幸せな生活を送っていたと思う。だがその頃の記憶には鍵をしたからあまり思い出せない。いや、思い出したくないだけかもしれない。
父はいい人だった。だが名前の通りにプライドが高かった。何でも1番になりたい、勝つことが全てだという考え。それが間違いだとは言えないが、父はそれが行き過ぎていた。
母はとても優秀な人で、仕事と家事、そして育児をこなしていた。辛いはずなのに、大変なはずなのにいつも優しく、そして僕に笑顔を向けてくれていた。そんな母が大好きで大好きでたまらなかった。
いつからか父の母に対する言動が横暴なものになった。「お前は家事だけしてろ」だの「お前は俺の言うことを聞いていろ」だの。たぶん自分が母に劣っていることが悔しくて恥ずかしくて仕方がなかったのだろう。それでも母は父の言う通りにしなかった。それが続いた結果、あの日悲劇が起きたんだ。
1か月近く晴れが続くという異常気象だったのに、その日は1か月分を補うかのように激しい雨が降っていた。公共交通機関は軒並みストップし、もちろん両親の会社も休みとなった。

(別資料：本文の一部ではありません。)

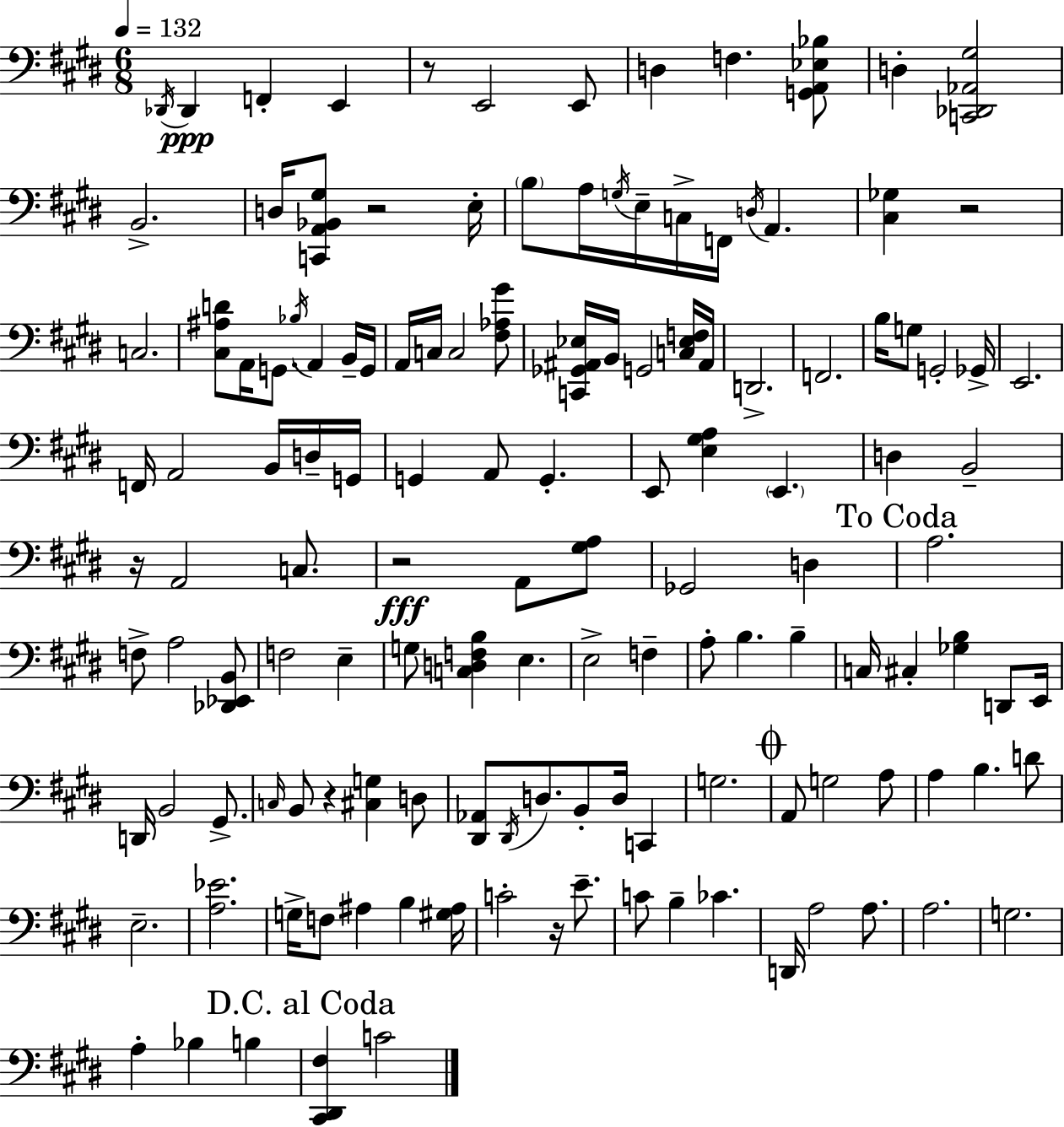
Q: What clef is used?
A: bass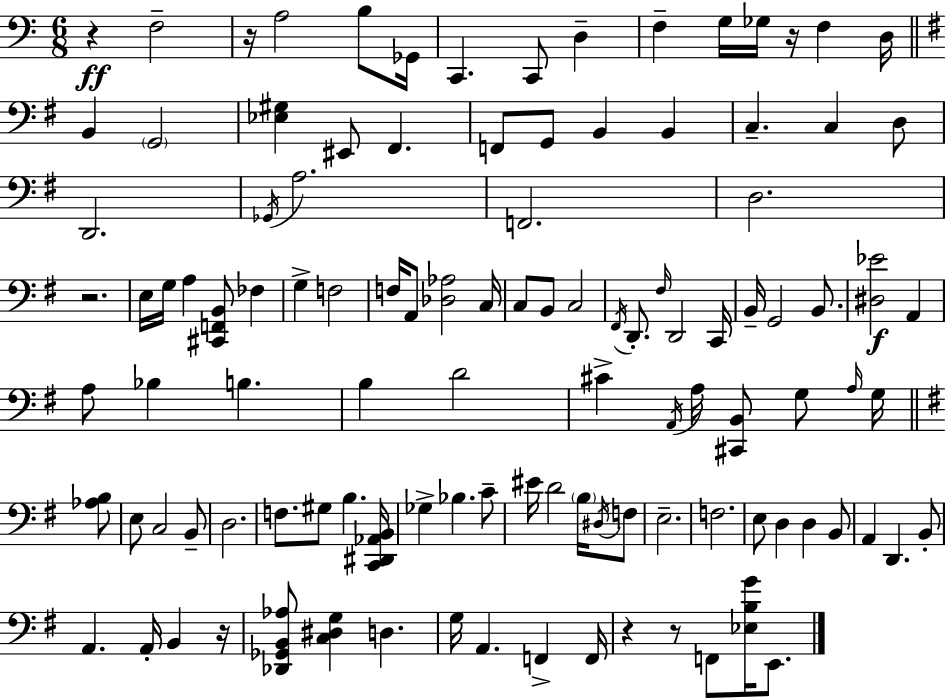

その日は両親が喧嘩をしていた。内容はもちろん先に述べたような内容だ。父の一方的な発言に母は呆れながらも丁寧に対応していた。でもそれが面白くなかったのだろうか、父は激高し、あろうことか包丁で母を殺してしまった。幼い僕は何も出来ずに母を殺されてしまった。数秒後、父は自分のしてしまったことに恐怖しながら僕に「このことは絶対に誰にも言うな、言ったらお前も優海のようにするぞ」と言ってきた。僕は怖くてその言葉に頷くことしか出来なかった。
その一週間後、父は捕まった。
母の会社の同僚が、母が会社に出勤していないことを不思議に思い我が家にやってきた時に父の犯行がバレたのだ。

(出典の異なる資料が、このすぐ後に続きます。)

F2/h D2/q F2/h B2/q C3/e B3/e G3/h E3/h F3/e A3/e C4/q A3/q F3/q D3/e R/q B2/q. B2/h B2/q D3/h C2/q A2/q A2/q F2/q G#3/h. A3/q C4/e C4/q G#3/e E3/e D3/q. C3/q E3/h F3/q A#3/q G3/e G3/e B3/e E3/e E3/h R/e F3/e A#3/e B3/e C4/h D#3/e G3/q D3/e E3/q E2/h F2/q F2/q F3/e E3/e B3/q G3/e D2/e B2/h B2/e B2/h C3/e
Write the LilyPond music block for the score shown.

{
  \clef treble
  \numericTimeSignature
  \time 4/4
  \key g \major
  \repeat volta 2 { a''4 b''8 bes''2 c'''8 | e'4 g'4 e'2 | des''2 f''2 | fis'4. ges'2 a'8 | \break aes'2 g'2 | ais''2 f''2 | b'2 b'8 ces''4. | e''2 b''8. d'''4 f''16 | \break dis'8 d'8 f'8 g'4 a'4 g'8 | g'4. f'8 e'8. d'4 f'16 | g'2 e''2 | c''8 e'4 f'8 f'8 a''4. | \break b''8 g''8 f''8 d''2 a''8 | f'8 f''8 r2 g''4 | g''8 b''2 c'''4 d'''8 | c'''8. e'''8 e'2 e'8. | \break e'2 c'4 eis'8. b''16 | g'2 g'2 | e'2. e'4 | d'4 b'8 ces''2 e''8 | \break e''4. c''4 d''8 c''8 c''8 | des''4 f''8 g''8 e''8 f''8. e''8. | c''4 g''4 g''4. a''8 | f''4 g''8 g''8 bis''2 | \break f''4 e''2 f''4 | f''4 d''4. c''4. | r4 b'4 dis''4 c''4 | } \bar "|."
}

この一週間は地獄だったような気がする。少しだが覚えていることがある。それは、僕が父に虐待されたことだった。
それのせいと言うべきか、それともそれのおかげと言うべきかは分からないが、僕は一時的に施設へと送られた。
優しいお兄さんとお姉さんがいたような気がする。
その1ヶ月後、諸々のことが落ち着いてから僕は母の兄夫婦、つまり伯父夫婦に引き取られることになった。